▸ What the task requires:
In your copy, include every line of the records exactly and no picture at all.

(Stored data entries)
━━━━━━━━━━

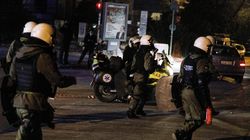 Τρίτη προφυλάκιση για την επίθεση στον αστυνομικό στη Νέα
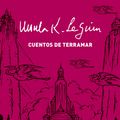 Cover Art for 9788445001912, Cuentos de Terramar by Franca Borsani, Ursula K. Le Guin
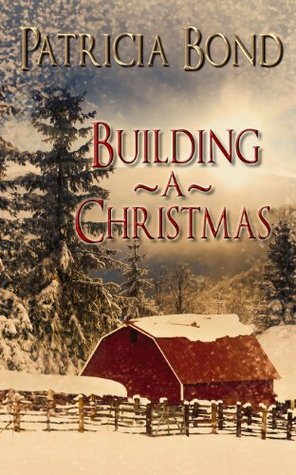 Building A Christmas (Kindle Edition)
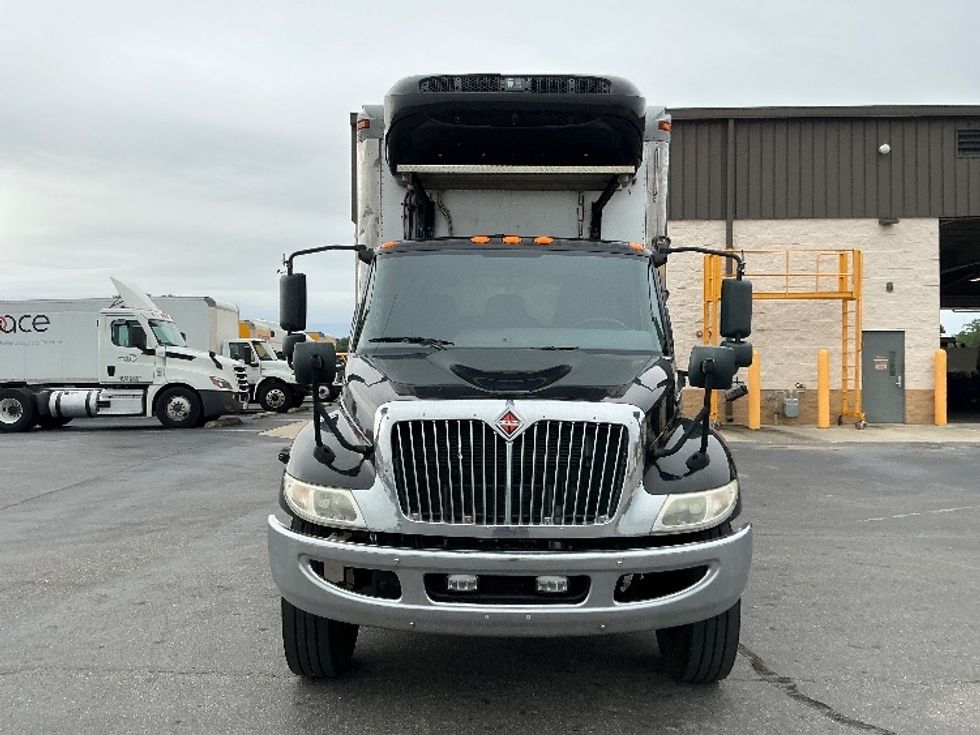 Refrigerated Truck-Light and Medium Duty Trucks-International-2020-MV607-Mobile-AL-253,150\n\t\tmiles-$ 32,000 - Image 2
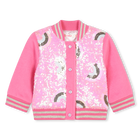 Sequin jacket BILLIEBLUSH 
                    GIRL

━━━━━━━━━━

▸ Exercise answer:
 Τρίτη προφυλάκιση για την επίθεση στον αστυνομικό στη Νέα
 Cover Art for 9788445001912, Cuentos de Terramar by Franca Borsani, Ursula K. Le Guin
 Building A Christmas (Kindle Edition)
 Refrigerated Truck-Light and Medium Duty Trucks-International-2020-MV607-Mobile-AL-253,150\n\t\tmiles-$ 32,000 - Image 2
 Sequin jacket BILLIEBLUSH 
                    GIRL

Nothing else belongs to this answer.